How to complete this task:
The expected answer is every line from the material below that has the word "avec".

The records:
━━━
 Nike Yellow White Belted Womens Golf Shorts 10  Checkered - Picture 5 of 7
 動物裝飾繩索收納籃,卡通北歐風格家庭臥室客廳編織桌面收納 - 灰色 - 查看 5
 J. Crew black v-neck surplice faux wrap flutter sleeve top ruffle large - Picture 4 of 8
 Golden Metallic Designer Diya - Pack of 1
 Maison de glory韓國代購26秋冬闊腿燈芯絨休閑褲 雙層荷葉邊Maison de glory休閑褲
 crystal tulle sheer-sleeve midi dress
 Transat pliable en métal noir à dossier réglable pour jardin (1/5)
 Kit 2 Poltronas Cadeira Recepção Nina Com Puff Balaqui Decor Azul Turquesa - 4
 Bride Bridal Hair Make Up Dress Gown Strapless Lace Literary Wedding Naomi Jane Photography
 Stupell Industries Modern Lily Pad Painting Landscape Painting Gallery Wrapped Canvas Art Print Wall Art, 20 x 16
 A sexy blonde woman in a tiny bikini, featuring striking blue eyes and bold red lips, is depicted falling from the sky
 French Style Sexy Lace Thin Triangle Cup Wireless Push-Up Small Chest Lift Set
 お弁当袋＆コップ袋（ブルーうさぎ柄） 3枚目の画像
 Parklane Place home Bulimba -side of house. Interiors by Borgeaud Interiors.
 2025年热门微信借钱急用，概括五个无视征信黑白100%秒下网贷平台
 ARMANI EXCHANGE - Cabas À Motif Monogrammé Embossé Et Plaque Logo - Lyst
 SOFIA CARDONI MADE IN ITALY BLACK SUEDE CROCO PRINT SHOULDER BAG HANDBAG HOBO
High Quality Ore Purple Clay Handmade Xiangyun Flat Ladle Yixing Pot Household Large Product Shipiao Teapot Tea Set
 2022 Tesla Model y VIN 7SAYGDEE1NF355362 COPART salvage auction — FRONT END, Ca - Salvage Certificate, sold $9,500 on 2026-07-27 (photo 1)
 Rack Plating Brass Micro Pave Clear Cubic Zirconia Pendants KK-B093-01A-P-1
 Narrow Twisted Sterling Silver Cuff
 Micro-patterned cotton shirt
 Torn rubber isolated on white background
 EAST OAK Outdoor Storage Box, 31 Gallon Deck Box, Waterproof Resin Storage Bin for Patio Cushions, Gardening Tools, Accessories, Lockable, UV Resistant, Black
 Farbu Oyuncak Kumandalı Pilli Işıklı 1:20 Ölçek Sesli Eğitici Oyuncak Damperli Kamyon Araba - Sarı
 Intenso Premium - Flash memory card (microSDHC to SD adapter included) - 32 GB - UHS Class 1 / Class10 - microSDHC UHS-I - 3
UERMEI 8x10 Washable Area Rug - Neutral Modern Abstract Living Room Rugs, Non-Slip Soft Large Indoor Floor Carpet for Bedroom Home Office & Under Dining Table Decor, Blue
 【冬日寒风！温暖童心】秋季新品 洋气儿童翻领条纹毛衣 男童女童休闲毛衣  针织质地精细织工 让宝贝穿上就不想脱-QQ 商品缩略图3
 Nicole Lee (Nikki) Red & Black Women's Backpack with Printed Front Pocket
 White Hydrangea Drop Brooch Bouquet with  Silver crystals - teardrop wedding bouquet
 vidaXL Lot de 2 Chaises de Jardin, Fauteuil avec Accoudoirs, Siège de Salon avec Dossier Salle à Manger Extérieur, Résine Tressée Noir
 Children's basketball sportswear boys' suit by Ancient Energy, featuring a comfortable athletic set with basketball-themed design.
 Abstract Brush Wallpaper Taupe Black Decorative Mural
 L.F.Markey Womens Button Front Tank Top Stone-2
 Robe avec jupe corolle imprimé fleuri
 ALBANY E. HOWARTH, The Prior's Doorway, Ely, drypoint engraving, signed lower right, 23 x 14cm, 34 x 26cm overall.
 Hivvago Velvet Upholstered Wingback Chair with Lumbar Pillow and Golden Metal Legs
━━━
Answer to this task:
 vidaXL Lot de 2 Chaises de Jardin, Fauteuil avec Accoudoirs, Siège de Salon avec Dossier Salle à Manger Extérieur, Résine Tressée Noir
 Robe avec jupe corolle imprimé fleuri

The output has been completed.